The task: Beginning with the line that contains "121 E 3rd St, Safford, AZ 85546", copy each subsequent line of the data below through the last one, including both ends but not the pictures.

[Data items]
---------------
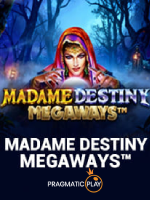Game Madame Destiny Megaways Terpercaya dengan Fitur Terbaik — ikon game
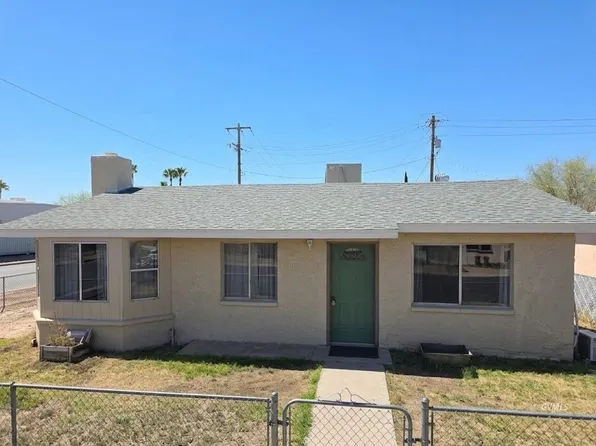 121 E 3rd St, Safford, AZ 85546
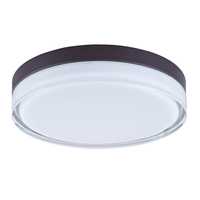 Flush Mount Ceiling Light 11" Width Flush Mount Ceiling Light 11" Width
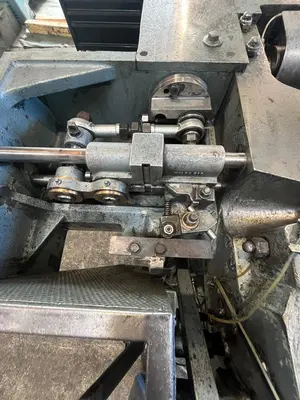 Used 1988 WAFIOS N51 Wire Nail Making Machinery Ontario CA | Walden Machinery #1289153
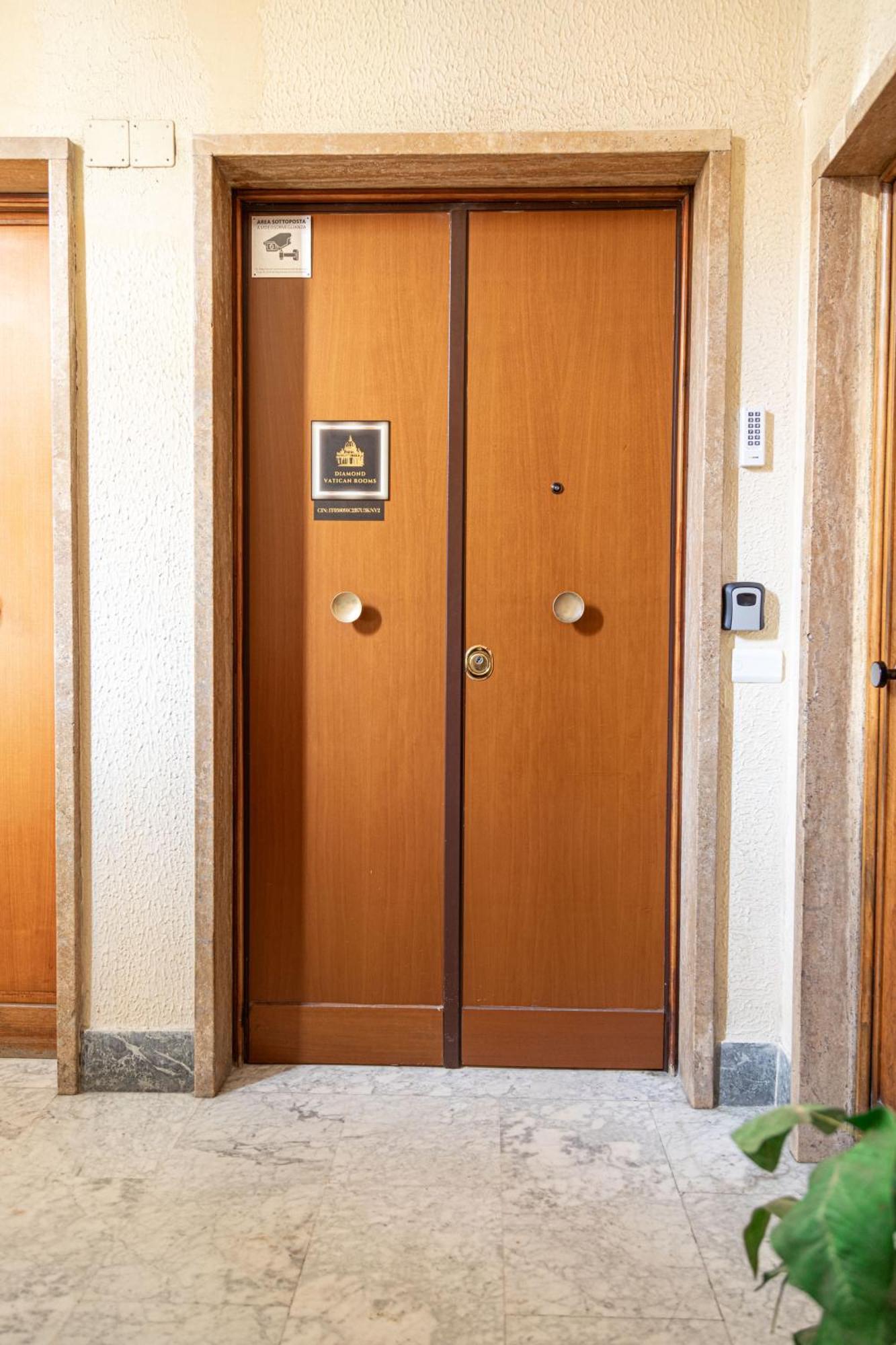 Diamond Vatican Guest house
---------------
Written answer:
 121 E 3rd St, Safford, AZ 85546
 Flush Mount Ceiling Light 11" Width Flush Mount Ceiling Light 11" Width
 Used 1988 WAFIOS N51 Wire Nail Making Machinery Ontario CA | Walden Machinery #1289153
 Diamond Vatican Guest house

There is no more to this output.